LA GRAN SANTA CRUZ LE HA QUEDADO DEMASIADO GRANDE A SUS PEQUEÑOS LÍDERES

El reemplazo de Luis Fernando Camacho, por orden judicial, por su sublevado vicegobernador, y las disputas locales entre los dirigentes de sus principales instituciones, desnudan una profunda crisis del liderazgo cruceño.

Todos contra todos, todos disputando sus pequeños intereses y nadie ocupado ni preocupado en desarrollar una mirada integral de país, capaz de mostrar un horizonte conjunto para todos los bolivianos y de seducir a los electores de toda la nación con una visión de país construida desde la región más próspera y con más futuro de Bolivia.

Santa Cruz se queda en las ligas locales de la política, lejos de cualquier aspiración de dirigir, conducir y enrumbar el país.



No hay presidente cruceño a la vista.

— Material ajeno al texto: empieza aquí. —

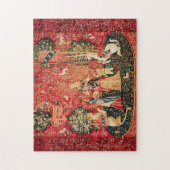 LADY AND UNICORN Lion, Fantasy Flowers, Animals Legpuzzel (Verticaal)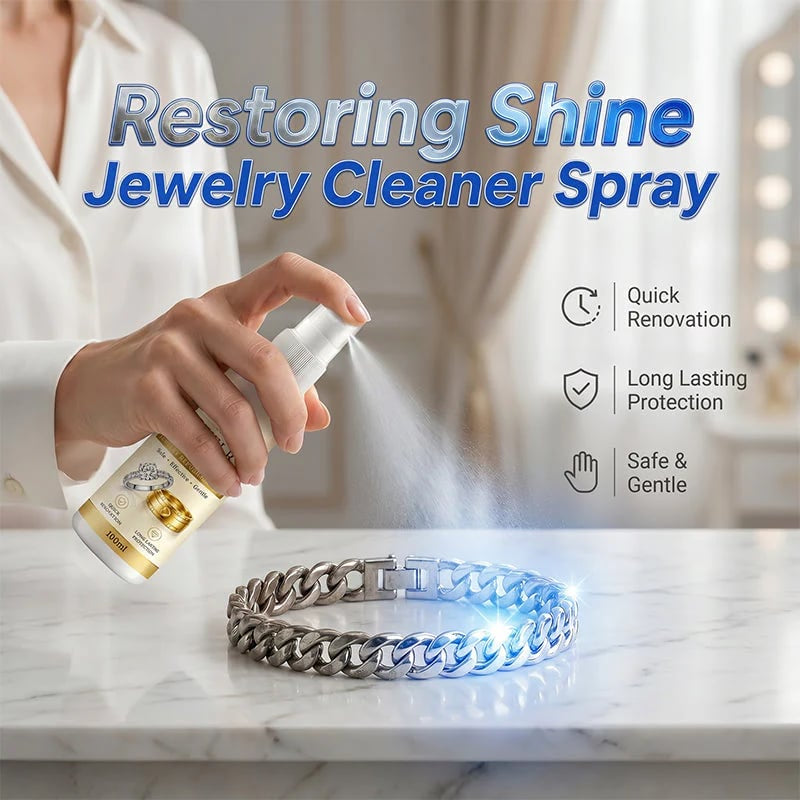 Jewelry Cleaner Spray – Gentle Shine Restorer for Gold, Silver, Rings, Necklaces & Everyday Jewelry Care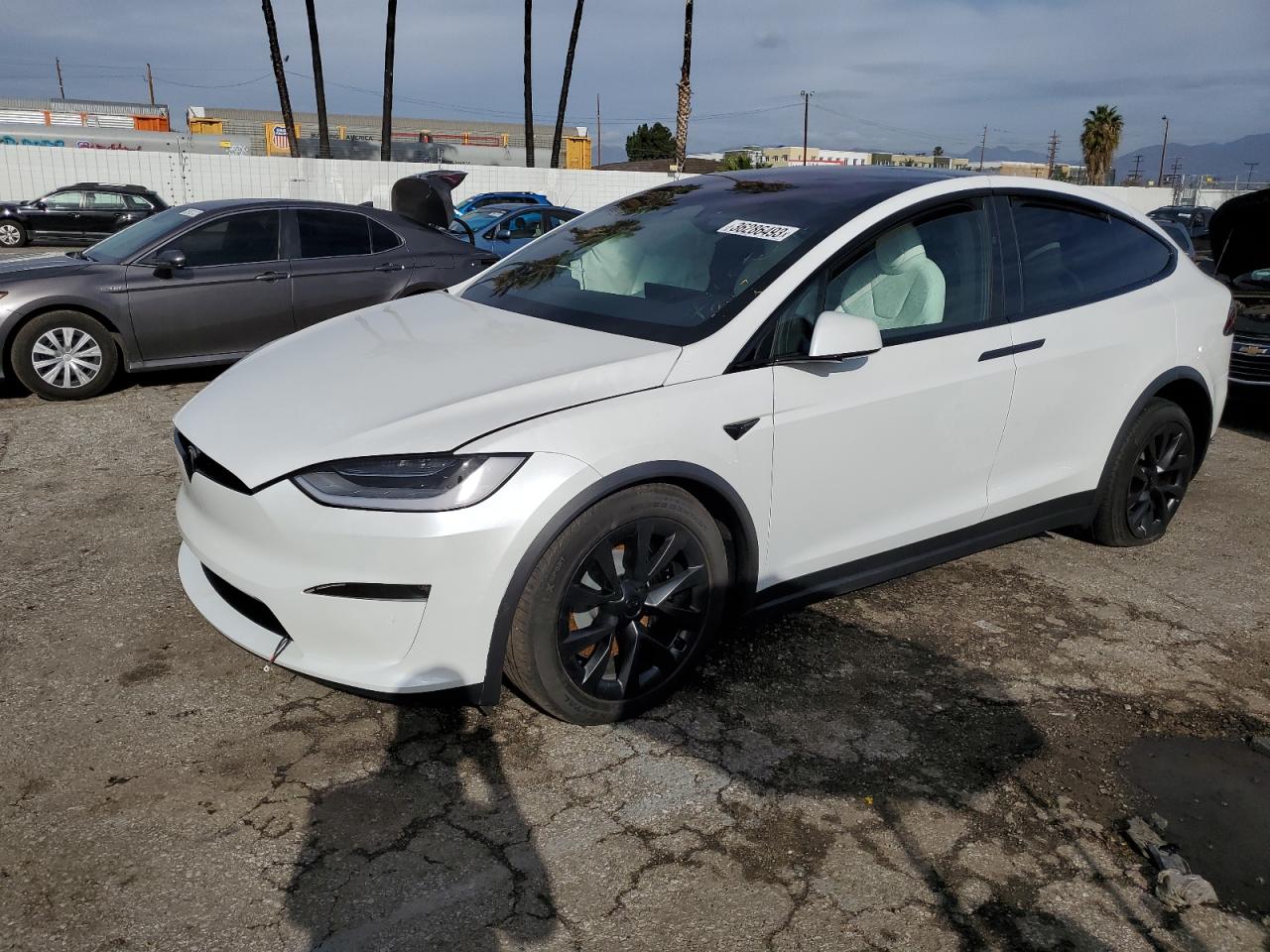 7SAXCBE52NF361909 TESLA MODEL X 2022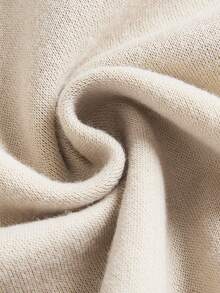 Muchica 杏色針織女款印花運動連帽衫套裝 - 杏色 - 查看 5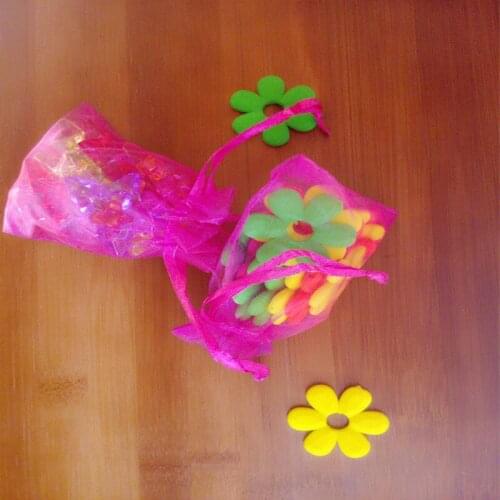 200pcs 13*18cm Rose Red Organza Gift Bag Jewelry Packaging Display Bags Drawstring Pouch For Bracelet/necklace/wed Mini Yarn Bag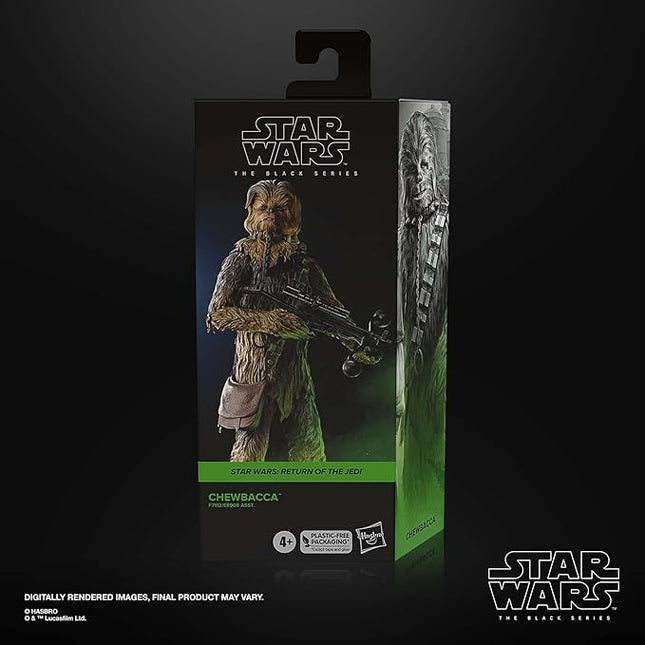 STAR WARS The Black Series Chewbacca, Return of The Jedi 6-Inch Action Figures, Ages 4 and Up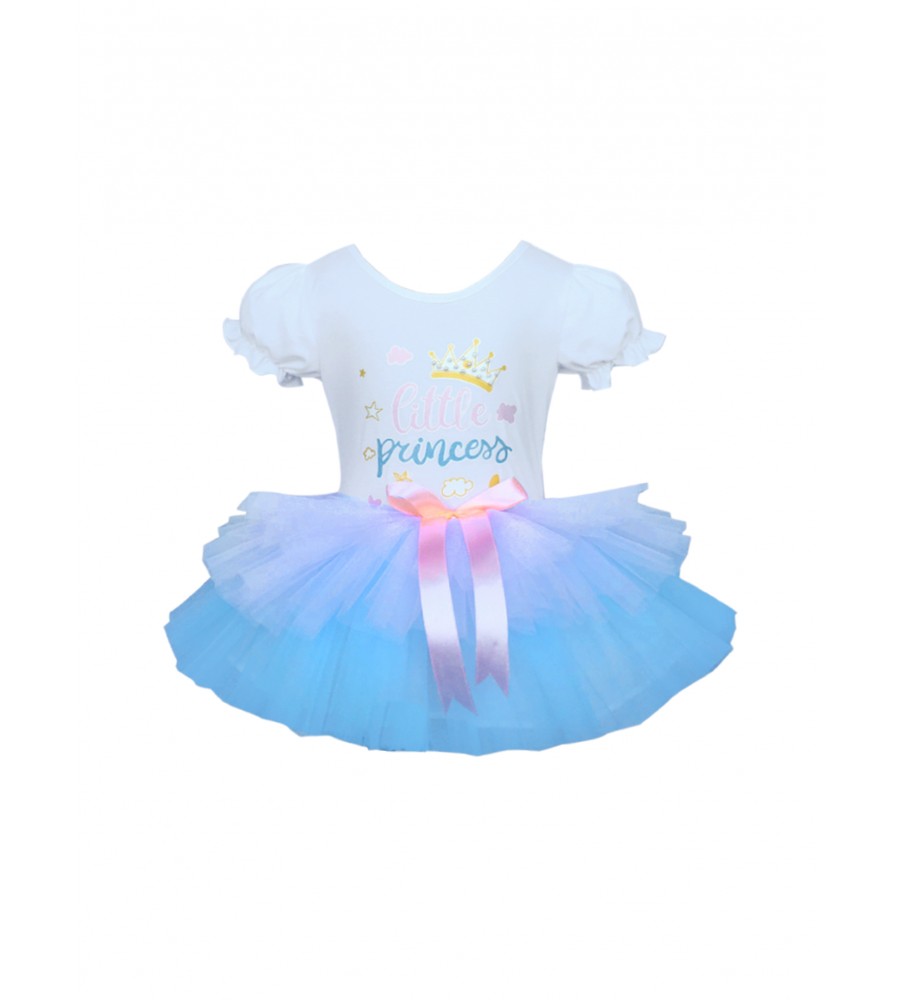 Baby girl dress printing colorful words and matching colors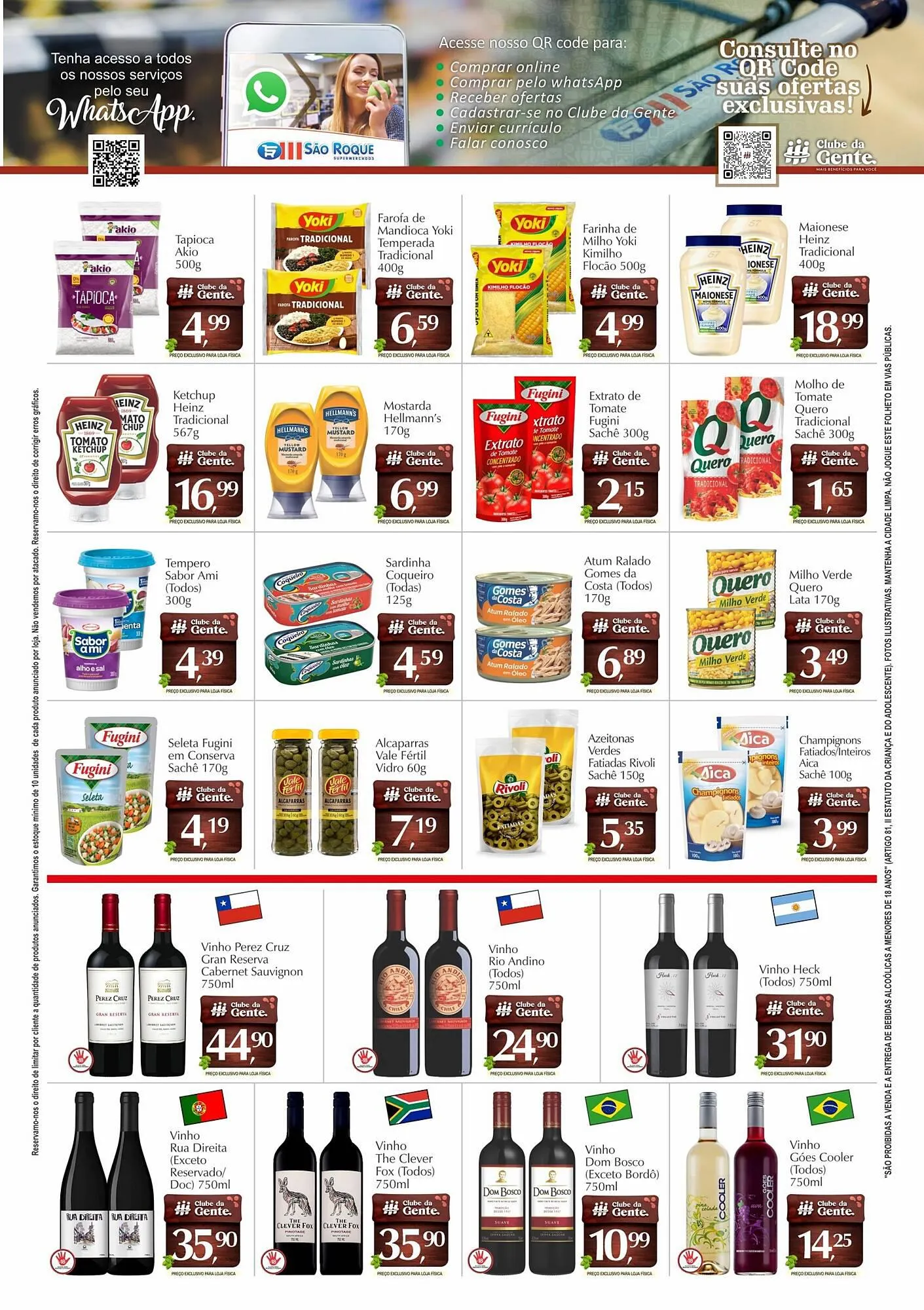 São Roque Supermercados Folheto - 1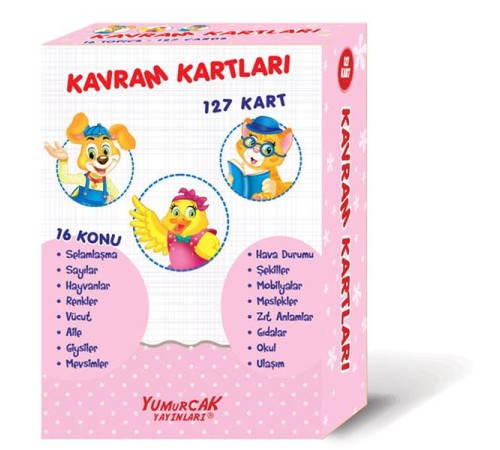 Okul Öncesi Çocuklar İçin Kavram Kartları 127 Kart
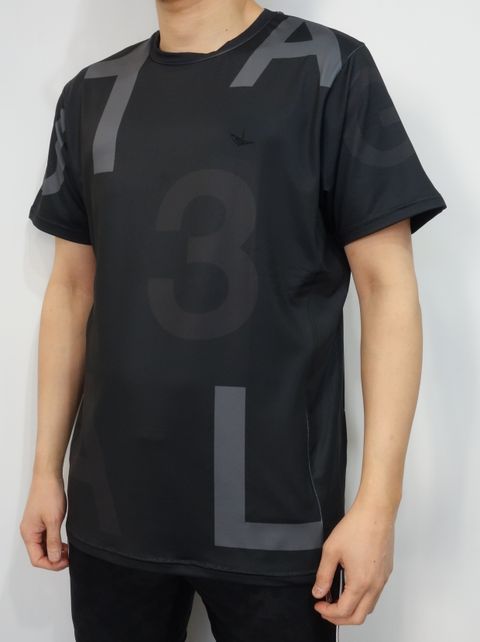 ランダムロゴラッシュガード半袖Tシャツ / ust-21012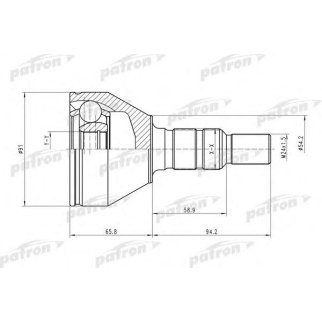 ШРУС наружн к-кт 30x53.8x26 OPEL: Astra H/Vectra C 02-, FIAT: Croma 04- фото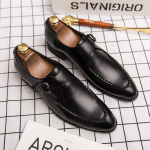 Meeste Briti Vabaaja Nahast Slip-On Kingad - Suur Suurus, Kevad/S&uuml;gis Mood, Noorte Stiil 3883 41 must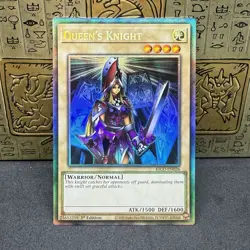 Yugioh Queen's Knight KICO-EN026 Collector's Rare 1st Edition NM - Image 1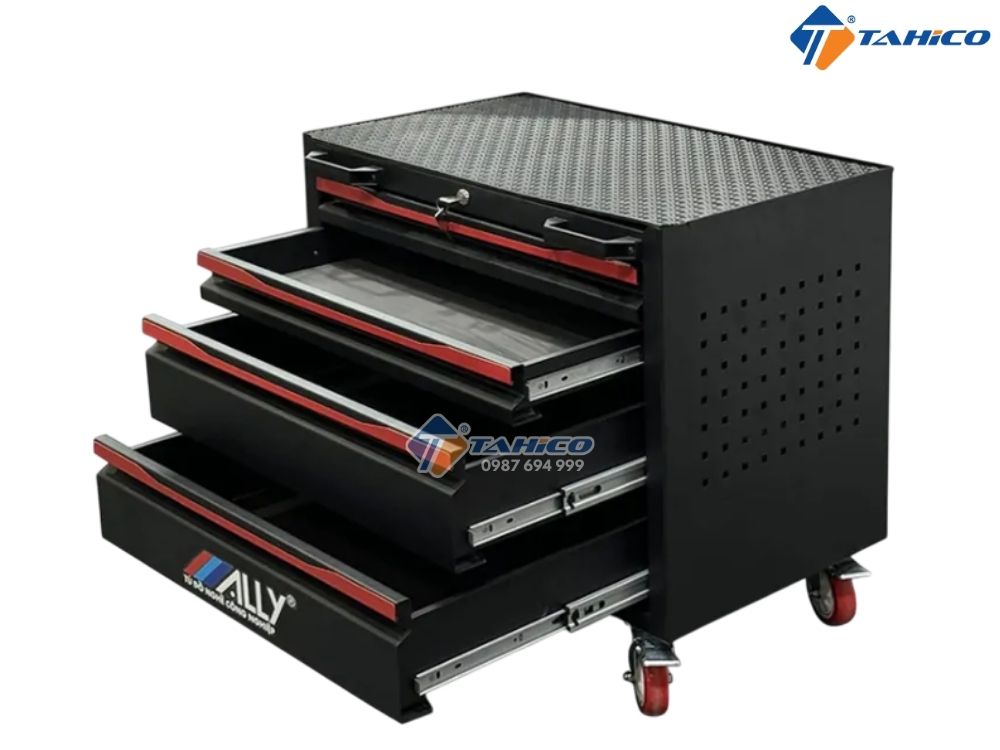 Tủ đựng đồ nghề 4 ngăn kéo có bánh xe ALLY QT-04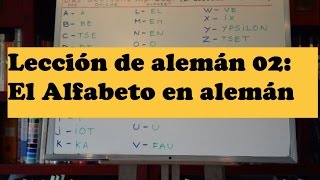 Aprender Aleman 02 Alfabeto aleman y pronunciacion [upl. by Hillyer]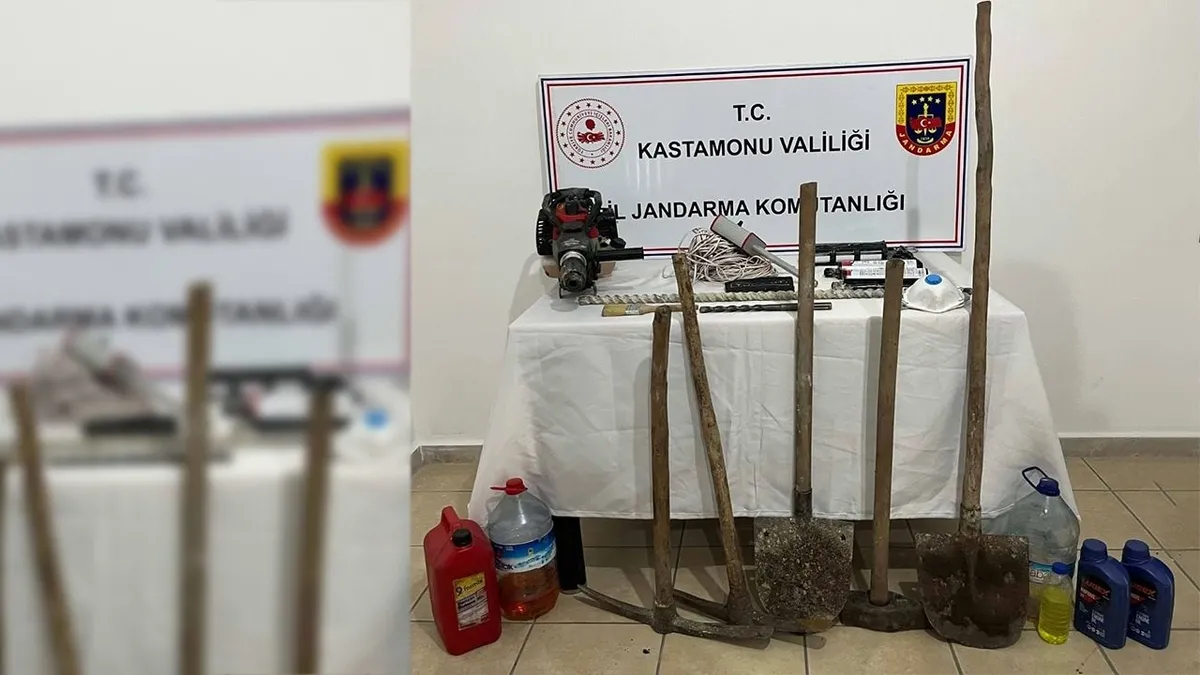 Kastamonu'da define avcılarına suç üstü baskın
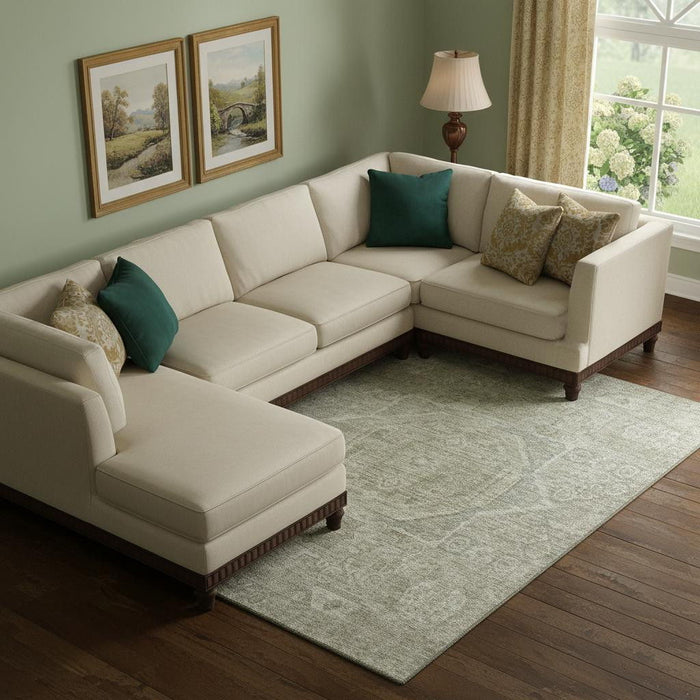 10' X 14' Oriental Washable Area Rug With UV Protection (699867) - Gray / Silver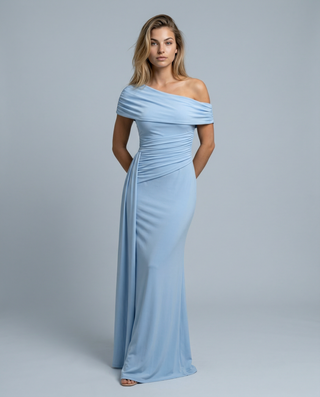 Celeste Moreau | Elegant Off Shoulder Maxi Dress For Women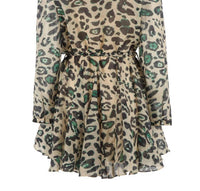 THE SHIRT Jenica Mini Dress in green leopard - women's dress - view 6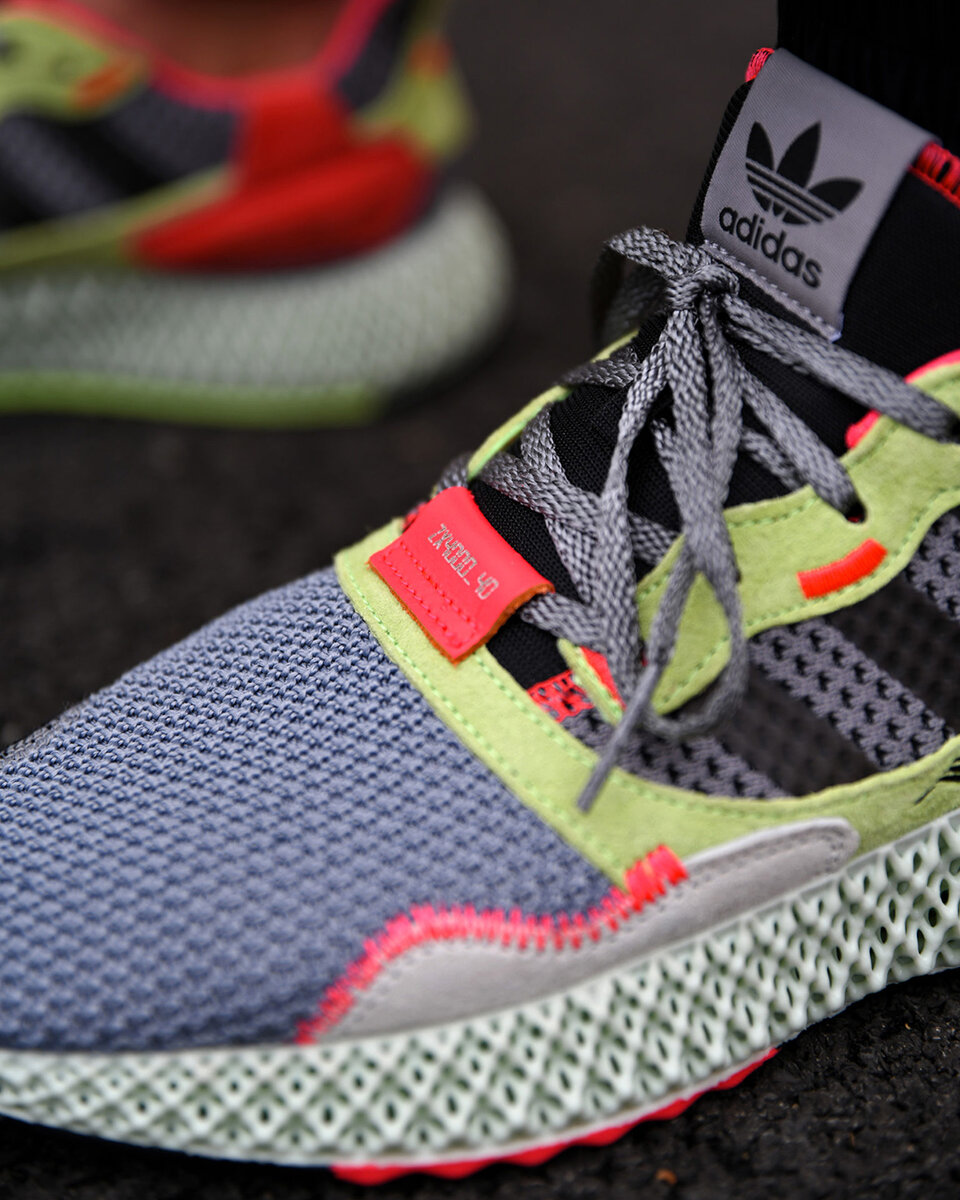 Adidas zx 4000 futurecraft 4d grey best sale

Ni a corto ni a mediano plazo. Y los tambores de las elecciones generales de 2025 cada vez retumban más fuerte en este 2024 intenso, que se viene recargado de tantas definiciones: censo nacional, elecciones judiciales, elecciones primarias, redistribución de escaños parlamentarios, reconfiguración de circunscripciones uninominales, elección de nuevo fiscal general del Estado y más.

Se viene un tiempo político de película y en esa película los liderazgos cruceños ni por asomo van a ser protagonistas centrales: no hay actor principal cruceño para ofrecerle a esa película de poder nacional. Quizá los líderes cruceños no tengan ni siquiera un papel secundario el 2025. Sus limitaciones, su falta de formación, sus inconductas, egoísmos, incoherencias y faltas de visión del conjunto de la nación harán que los líderes cruceños sean solo extras de una película que deberían estelarizar.

=> Recibir por Whatsapp las noticias destacadas

La región más próspera y pujante de Bolivia, la que produce el 70% de los alimentos que se consumen en el país, la que ha parido su ciudad más moderna y pujante, la que atrae más migración interna, la que ofrece más oportunidades para crecer, producir y comerciar, la que genera más expectativas de futuro a los bolivianos, esa es una región que solo produce muy buenos gerentes pero parece estéril para producir presidentes del país.

Esta es una realidad castrante para las nuevas generaciones de cruceños.

Eso es triste para los cruceños. Para un pueblo que trabaja, que produce, que gana en desarrollo y progreso, que siempre acude cuando se lo convoca, que siempre luce listo para luchar y movilizarse por sus convicciones, que siempre muestra el pecho y levanta la frente.

Santa Cruz y su gente, la gran Santa Cruz, le han quedado demasiado grande a sus pequeños líderes.

Es hora de repensar el liderazgo cruceño.

¿Por qué la mediocridad reina en diputados, senadores, asambleístas departamentales y concejales? ¿Por qué son tan prolíficos en traiciones y distracciones y tan estériles en propuestas, ideas y logros?

Por qué Santa Cruz tiene hoy un presidente cívico tan anodino e incapaz de definiciones claras? ¿Están cerrados los caminos a los mejores y solo llegan los recomendados, a los que se les impone hacer que nada cambie?

¿Por qué no hay presidente cruceño a la vista? ¿Por qué Santa Cruz produce tan bien y piensa tan mal? ¿Cuánto daño están haciendo las logias que premian a obedientes y no a brillantes, que promueven a ovejas y le cierran el camino a los pastores? ¿Cuánto pensamiento están produciendo las universidades?

La gran Santa Cruz es más que sus pequeños líderes. El pueblo cruceño es demasiado marco para tan poco cuadro . En el cuadro están sus dirigentes, claro está.

¿Qué tal si reflexionamos sobre esto?